*THE PROBLEM*:
Return the full listing word for word, but drop every picture from it.

*RAW DATA*:
_____
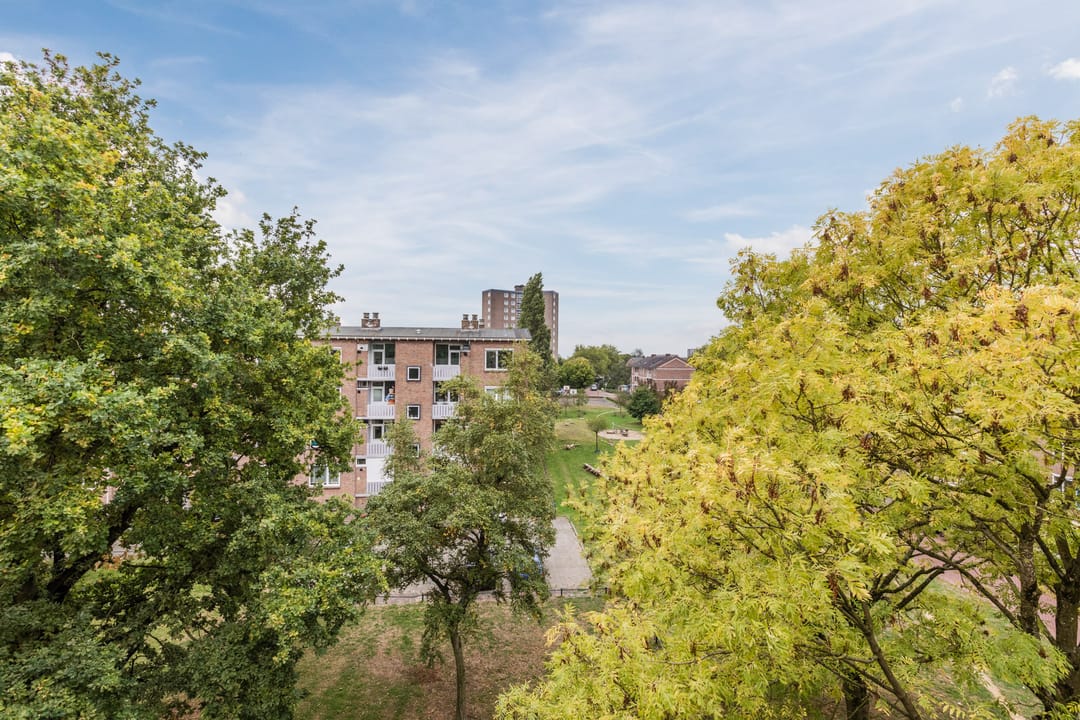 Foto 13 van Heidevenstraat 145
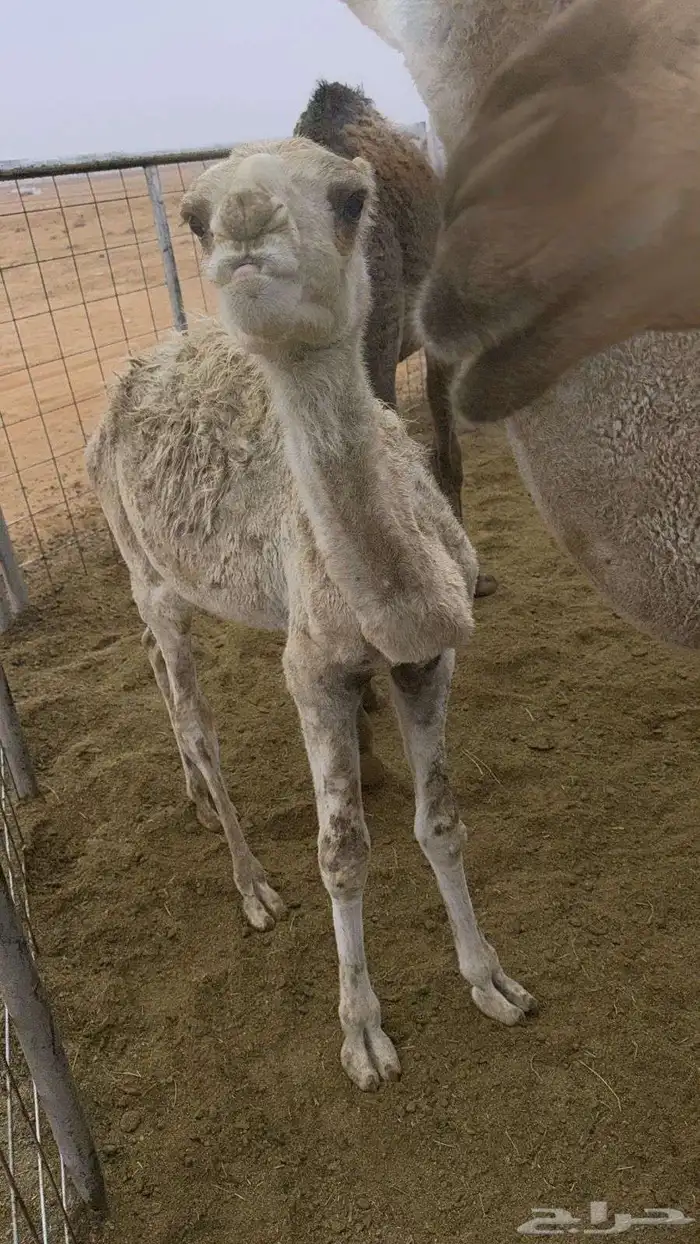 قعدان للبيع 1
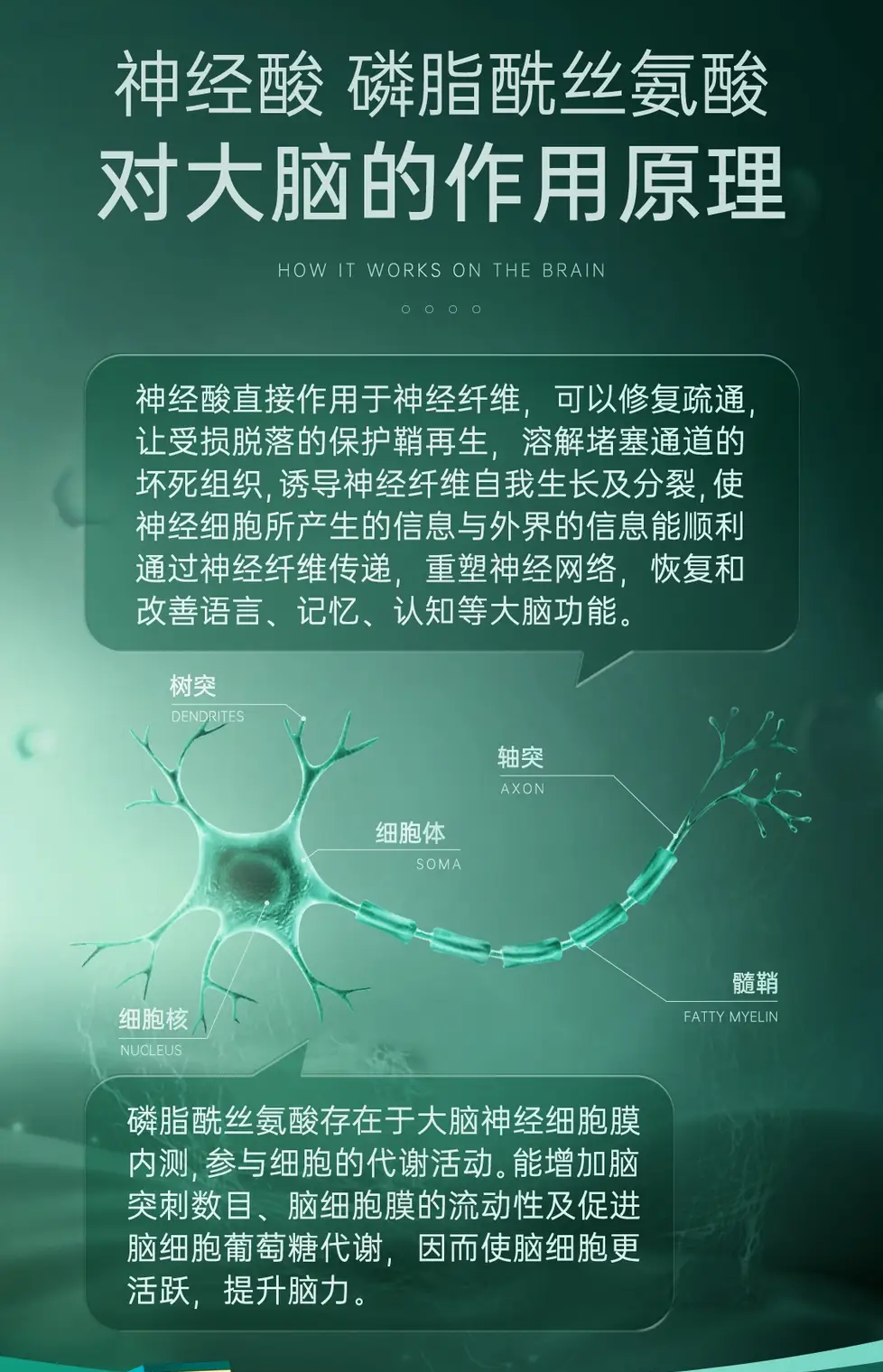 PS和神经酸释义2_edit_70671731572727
_____
*RESPONSE AREA*:
 Foto 13 van Heidevenstraat 145
 قعدان للبيع 1
 PS和神经酸释义2_edit_70671731572727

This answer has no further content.